Character value or function for applying mean. When applied to a matrix of count values, this must return a vector. Recommended options are "logmean" (the default) or "trimmean".

postFUN

Optional function to be applied to whole matrix after mean has been calculated, e.g. log2s.

verbose

Logical, whether to print messages.

sliceMem

Max amount of memory in GB to allow for each subsetted count matrix object. When x is subsetted by each cell subclass, if the amount of memory would be above sliceMem then slicing is activated and the subsetted count matrix is divided into chunks and processed separately. This is indicated by addition of '...' in the timings. The limit is just under 17.2 GB (2^34 / 1e9). At this level the subsetted matrix breaches the long vector limit (>2^31 elements).

cores

Integer, number of cores to use for parallelisation using mclapply(). Parallelisation is not available on windows. Warning: parallelisation increases the memory requirement by multiples of sliceMem. cores is ignored if use_future = TRUE.

load_balance

Logical, whether to load balance memory requirements across cores (experimental).

use_future

Logical, whether to use the future backend for parallelisation via future_lapply() instead of the default which is mclapply(). Note, the future.apply package needs to be installed to enable this.

Author

Myles Lewis

Details

Mean functions which can be applied by setting FUN include logmean (the default) which applies row means to log2(counts+1), or trimmean which calculates the trimmed mean of the counts after top/bottom 5% of values have been excluded. Alternatively FUN = rowMeans calculates the arithmetic mean of counts.

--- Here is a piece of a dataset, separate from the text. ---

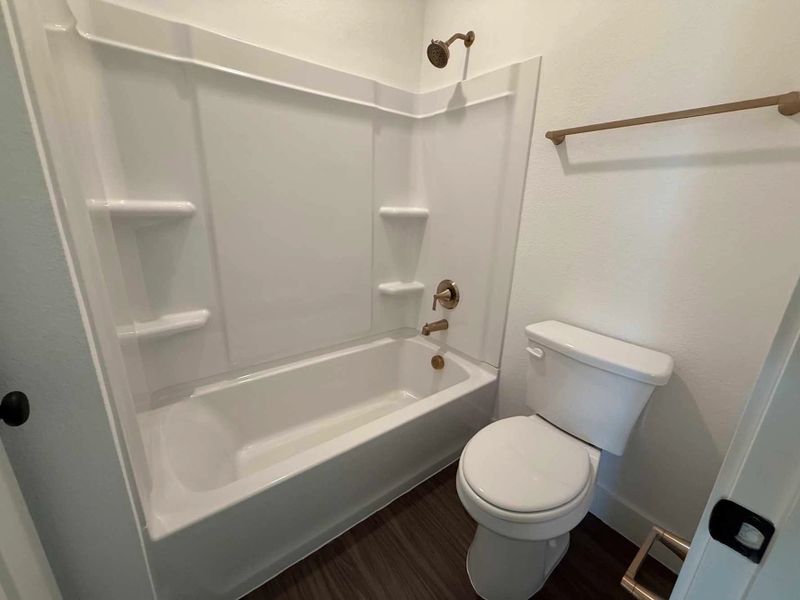 Bathroom 2 Construction Progress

If FUN = trimmean or rowMeans, postFUN needs to be set to log2s which is a simple function which applies log2(x+1).

sliceMem can be set lower on machines with less RAM, but this will slow the analysis down. cores increases the theoretical amount of memory required to around cores * sliceMem in GB. For example on a 64 GB machine, we find a significant speed increase with cores = 3L. Above this level, there is a risk that memory swap will slow down processing.

See Also

scapply() which is a more general version which can apply any function to the matrix. logmean, trimmean are options for controlling the type of mean applied.